Multi-Threaded Image Processing

So, I’ve been gradually adding things to my homebrew image editor. One of my objectives has been to make it usable on my cheap Windows tablet, and some of the more intense operation were bringing it to its knees. Many of the other image applications make a feature of using GPUs to parallelize their operations, but there’s no such thing available on the cheap tablet. But it has four real cores (Intel Atom Z3735D, 1.33Ghz clock), so I started playing with threading to spread the work on the available cores.

Cross-platform was important, so I started with pthreads with the intent to incorporate one of the win-pthread implementations. Got that to work in a command-line application, but it didn’t respond well in my wxWidgets GUI program. Switching to the wxThread class of wxWidgets solved the integration problems as well as providing a nicer class-based interface.

But the reason I’m describing all this here is to discuss the work allocation across the image. My first implementation was to clone a copy of the image, then start a number of threads equal to the number of cores available, and the first one would get the starting pixel row (stride?) of 0, and would increment through every numberofcores rows. The next thread starts at row 1, the one after that starts at row 2, etc., all incrementing the same numberofcores value. And they’d all go until they reached the image height. The processing of each pixel involves reading it from the source image, doing the work, and writing the resulting color values to the same pixel coordinates in the destination image. I saw no race conditions in the above processing, so I didn’t use any of the synchronization tools, and I haven’t gummed up anything so far, processing probably of couple of hundred images to date.

The speedup I’m getting is roughly linear; here are two representative lines from my log file, 3x3 convolution sharpen:

tool=sharpen,imagesize=4948x3280,imagebpp=24,threads=1,time=12.561099sec
tool=sharpen,imagesize=4948x3280,imagebpp=24,threads=4,time=3.681385sec

That’s a full-sized jpeg from my D7000; it goes to ludicrous speed with my web-resized image:

tool=sharpen,imagesize=640x424,imagebpp=24,threads=1,time=0.232822sec
tool=sharpen,imagesize=640x424,imagebpp=24,threads=4,time=0.089126sec

Note the smaller images aren’t so linear in speedup; I credit that to the overhead of setting up the data.

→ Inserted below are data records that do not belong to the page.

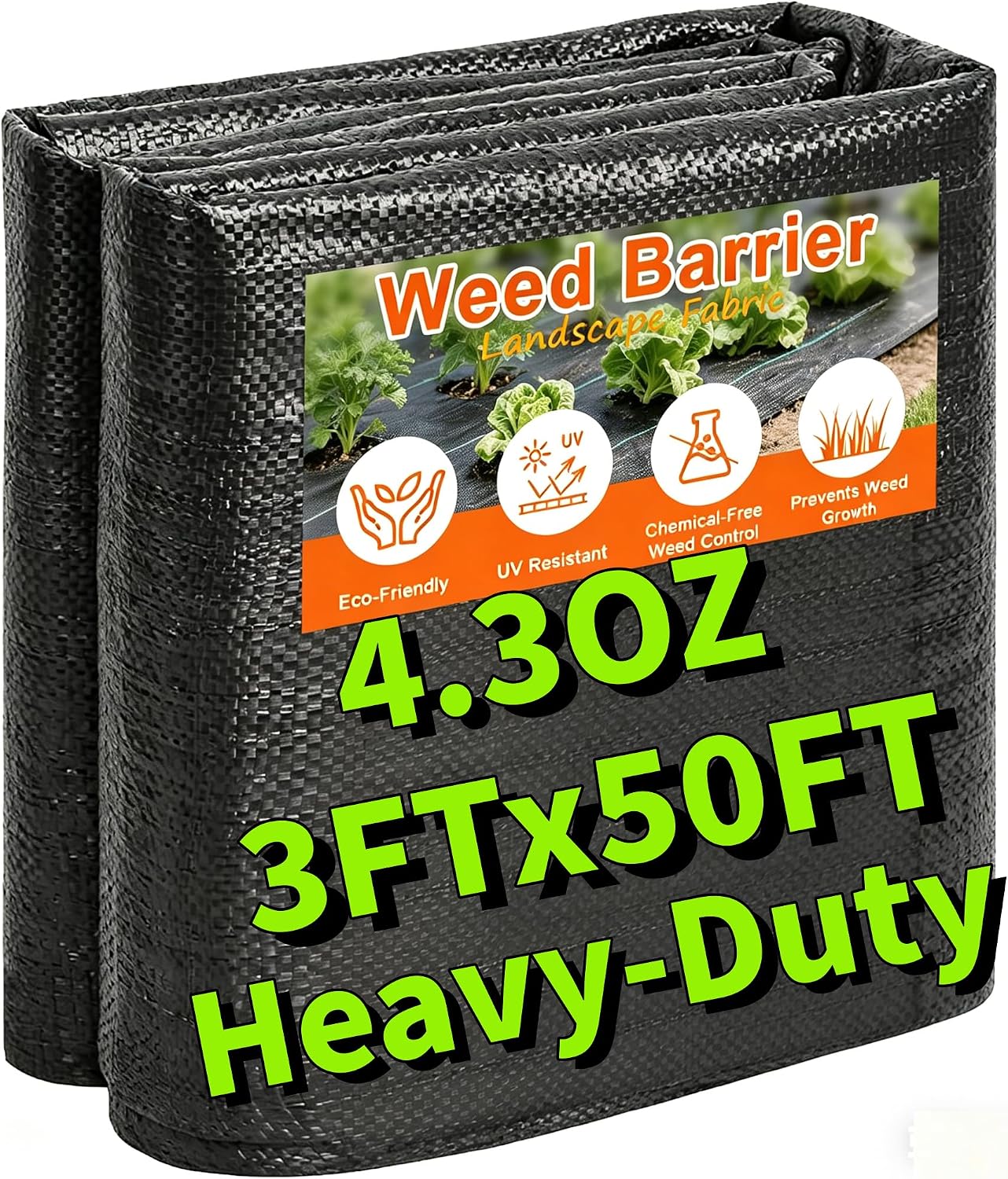 AMAGABELI 3.2oz 4ft x 100ft Weed Barrier Landscape Fabric Premium Garden Cloth Heavy Duty Weed Control Blocker Mat Gardening Ground Cover Durable Woven Geotextile Fabric Driveway Underlayment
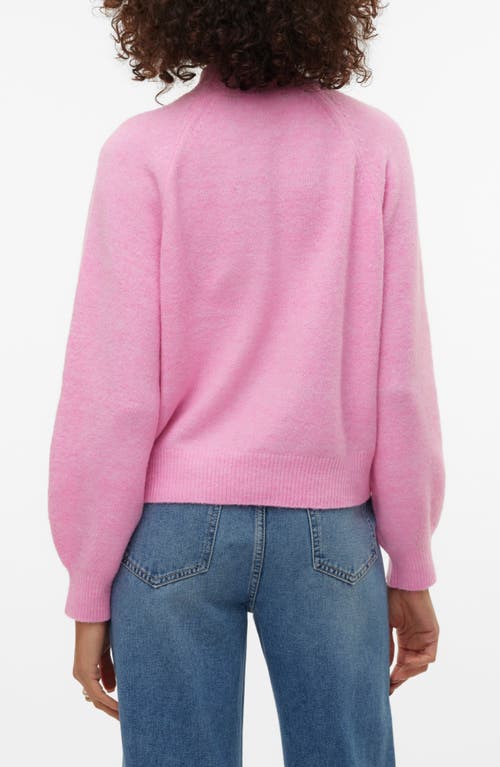 Shop Vero Moda Leaf Mock Neck Sweater In Fuchsia Pink Detail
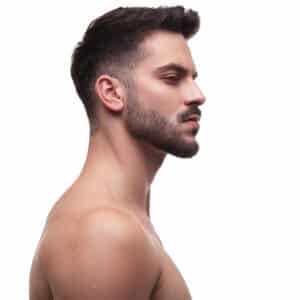 Handsome man has prominent facial features like a balanced chin.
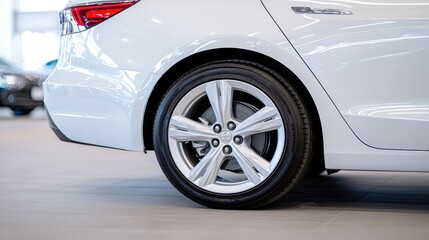 Fototapeta premium White car rear tire in showroom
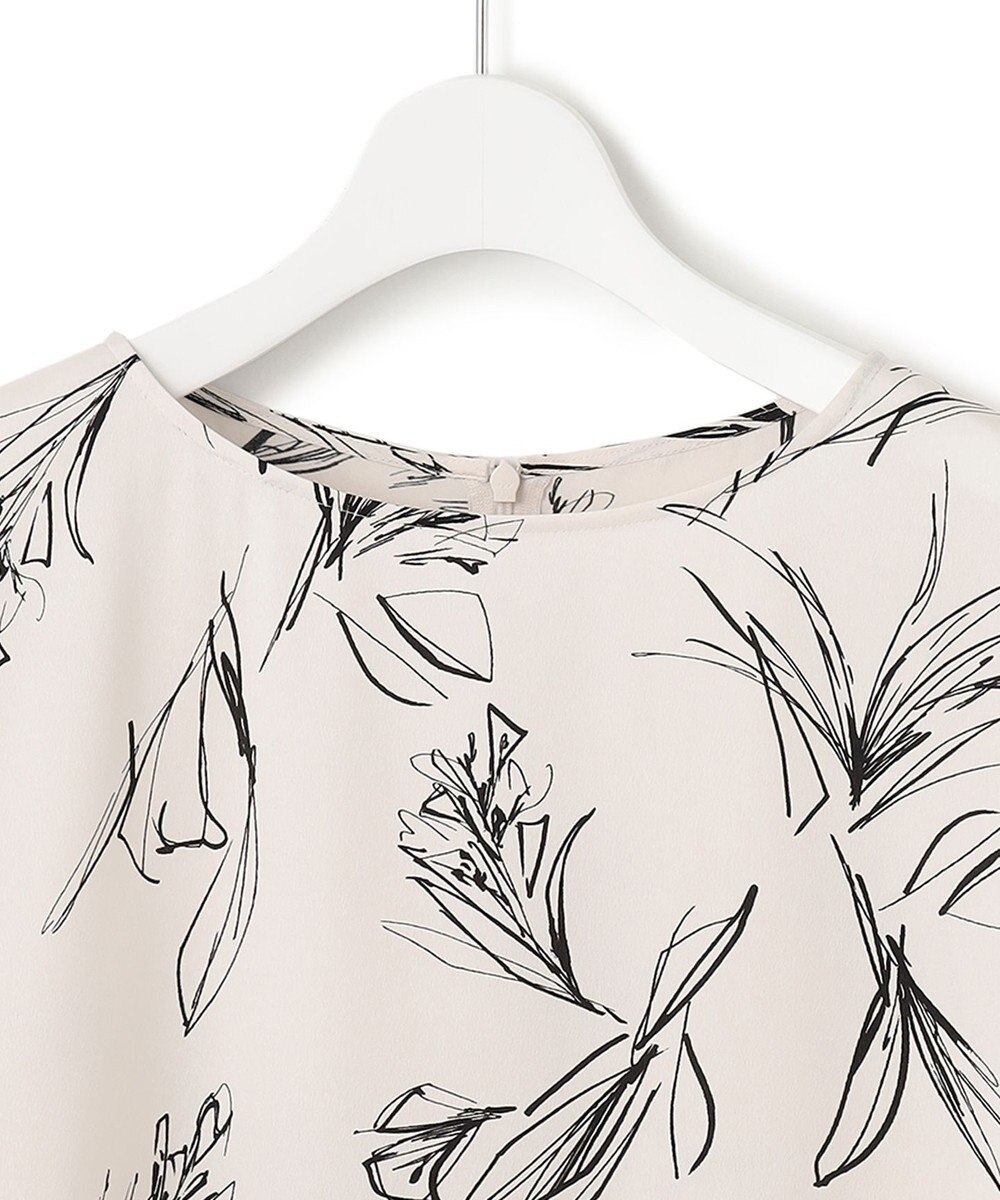 23区 【洗える】ラインフラワープリント フレンチスリーブ ブラウス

With that success, I began to wonder if I wasn’t thrashing the memory caches with my interleaved work allocation, so I wrote a version that allocated the image in contiguous chunks, and I got almost identical results. I don’t understand enough about cache-aware programming to go further, yet.

I also did significant code optimzation: in-line code, using pointers and indexes to reference pixel locations, etc., which bought a couple of seconds by itself.

Anyway, I got so excited with my results, I went and multi-threaded just about everything: all the ops ('cept for resize and crop, I’m still using the FreeImage routines), histogram construction, and image display. Well, still working on the image ops, still have grayscale and gamma to go. And so, to all you programmers, I’d like to pose the following two questions:

  1. Should I worry any about image read/write synchronization? Reading from an image not being modified shouldn’t be a problem, and the threads are each working on different rows of a separate destination image, so I can’t fathom a problem there.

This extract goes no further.